У Игоря болели плечи: лямки рюкзака врезались в тело и гнули его к земле, сердце учащенно билось; он с трудом переставлял ноги. Батуров шел впереди. Было видно, что ему нелегко, но он шагал легче, тверже ставил свои большущие ноги и не гнул спину под тяжестью рюкзака. А когда они заколачивали крючья, гул стоял такой, будто
Неожиданно Батуров сел, снял рюкзак и вдруг рассмеялся:
— Ну не дураки мы с тобой, карабкаемся вверх, как вьючные ослы, когда есть более простой способ.
— Какой? — Игорь перевел дыхание, вытер лицо.
— Вот то-то и оно — какой. Гнать нас надо из испытателей за такое тугодумство. Не зря говорят: умный в гору не пойдет, умный гору обойдет. А мы надрываемся, в то время когда нас вертолет ждет и в рюкзаке передатчик пищит от возмущения за наше слабоумие.
— Не пищит, — возразил Игорь. — Он разбился при приземлении.
— Разбился? — недоверчиво переспросил Батуров. И после небольшой паузы резюмировал: — Все равно дураки. Скоросветов видел, где мы приземлились, и, несомненно, связался с КП и послал за нами вертолет.
— А я сомневаюсь.
— Ну, это в тебе твоя неприязнь к нему говорит. А вообще-то напрасно. Скоросветов, скажу тебе, мужик мудрый и практичный.
— Насчет первого — вопрос спорный, что касается практичности — точно. Только слишком она у него однобокая: практичность в достижении личных целей.
— Ну, знаешь, никто мимо своего рта не пронесет. В этом суть нашего бытия.
— Если суть только в этом, зачем ты пошел в испытатели? Шел бы в официанты — они получают больше.
— Э-э, — усмехнулся Батуров. — Официант не тот колер. Я люблю почет, уважение. — Он перевел разговор в шутку. Игорь не стал спорить, тоже заключил шутливо:
— В таком случае, у нас путь только один — вверх. Не забывай, мы сами напросились. — И Игорь поднялся с земли.
Едва солнце скрылось за горным хребтом, резко похолодало. Камни подернулись инеем и стали скользкими, как лед. Игорь и Андрей выбрали под нависшей скалой площадку, достали спиртовку, вскипятили чай. Ужинали молча. Молча забрались в спальные мешки.
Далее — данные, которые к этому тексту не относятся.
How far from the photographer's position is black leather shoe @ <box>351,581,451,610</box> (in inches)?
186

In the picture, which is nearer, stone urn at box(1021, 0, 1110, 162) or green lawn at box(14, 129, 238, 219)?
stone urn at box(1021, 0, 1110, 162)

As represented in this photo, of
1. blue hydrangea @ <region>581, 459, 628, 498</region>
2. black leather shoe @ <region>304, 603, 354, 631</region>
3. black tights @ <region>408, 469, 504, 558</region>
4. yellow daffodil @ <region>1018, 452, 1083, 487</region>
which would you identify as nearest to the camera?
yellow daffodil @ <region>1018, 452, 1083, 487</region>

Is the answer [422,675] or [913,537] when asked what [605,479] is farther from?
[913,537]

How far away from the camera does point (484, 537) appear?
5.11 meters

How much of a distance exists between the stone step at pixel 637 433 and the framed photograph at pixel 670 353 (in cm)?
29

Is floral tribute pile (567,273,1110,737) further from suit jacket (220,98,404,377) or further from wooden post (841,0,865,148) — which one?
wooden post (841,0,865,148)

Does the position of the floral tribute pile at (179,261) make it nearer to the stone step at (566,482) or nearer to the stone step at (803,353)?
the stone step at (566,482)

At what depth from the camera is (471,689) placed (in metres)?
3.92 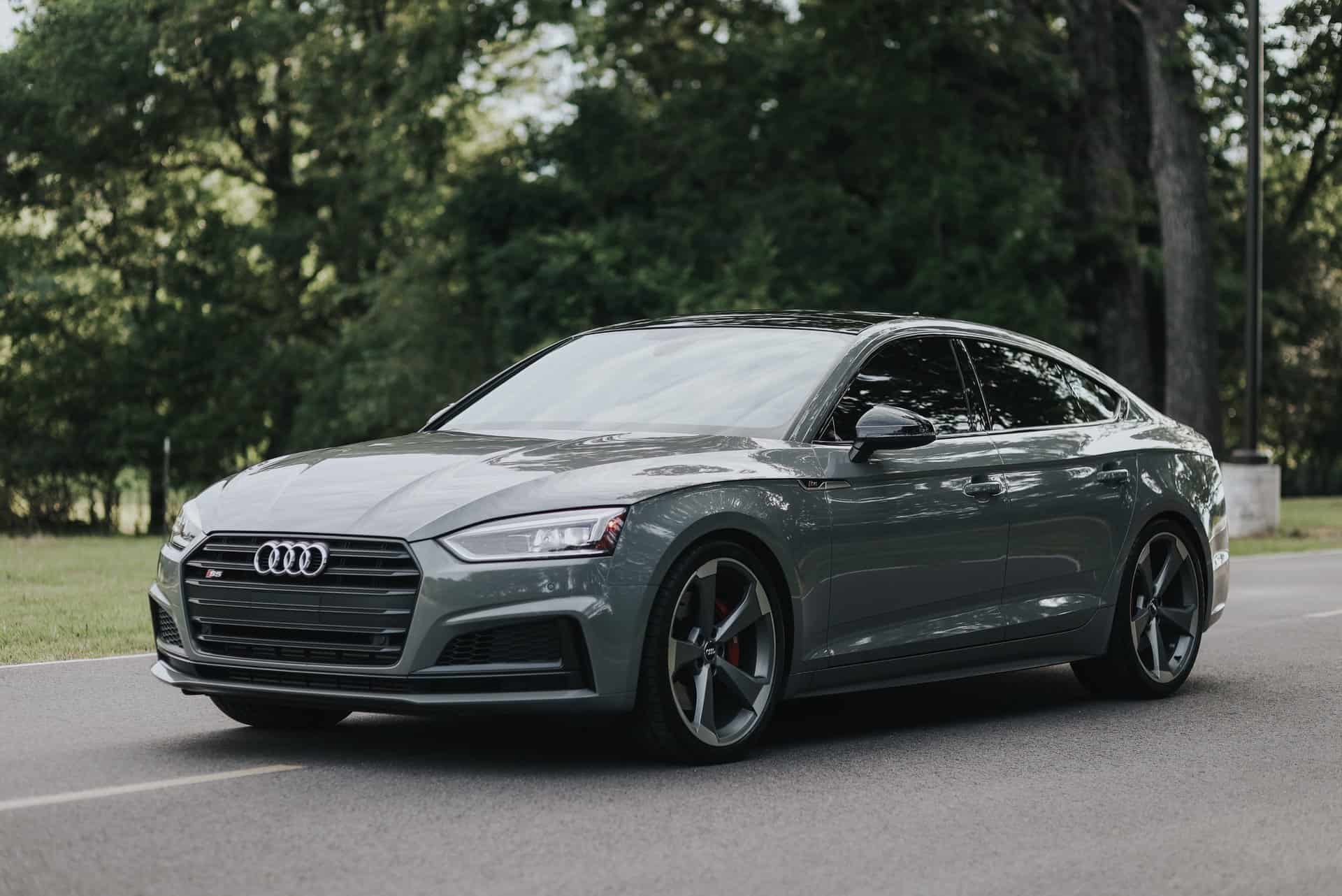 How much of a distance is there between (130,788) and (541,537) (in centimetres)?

У Игоря гудели ноги, и руки так ослабли, что ими трудно было пошевелить; он чувствовал себя разбитым и обессиленным, в каком-то полусонном забытьи, а заснуть никак не мог: жесткое каменное ложе прощупывалось сквозь спальный мешок каждой клеточкой тела, давило выступами, впивалось камешками, и он ворочался с боку на бок, как принцесса на горошине, ругая себя за неприспособленность, изнеженность мягкими белоснежными постелями. Батуров храпел на все горы, а Игорь думал о Дине, о Любаше. Как они там? Дина ждет, волнуется. С полигона он не позвонил, рассчитывал сегодня быть дома… Вернется и сразу засядет за катапульту. Вот только бы отдохнуть. Чертовы камни, все бока болят…
Проснулся Игорь от толчка в спину.
— Может, хватит дрыхнуть? Думал, ты на станцию уже смотал, а ты как сурок на зимней спячке. — Голос Батурова был прежним, веселым и насмешливым, и Игорь обрадовался.
— Не мог я тебя одного здесь бросить. Все-таки друг.
— Нетрудно умереть за друга, трудно найти такого друга, за которого можно умереть, — грустно вздохнул Андрей.
— Вот именно.
Батуров помолчал.
— Вот из-за этого я и не укатил один вниз. Только скажи, что теперь делать будем?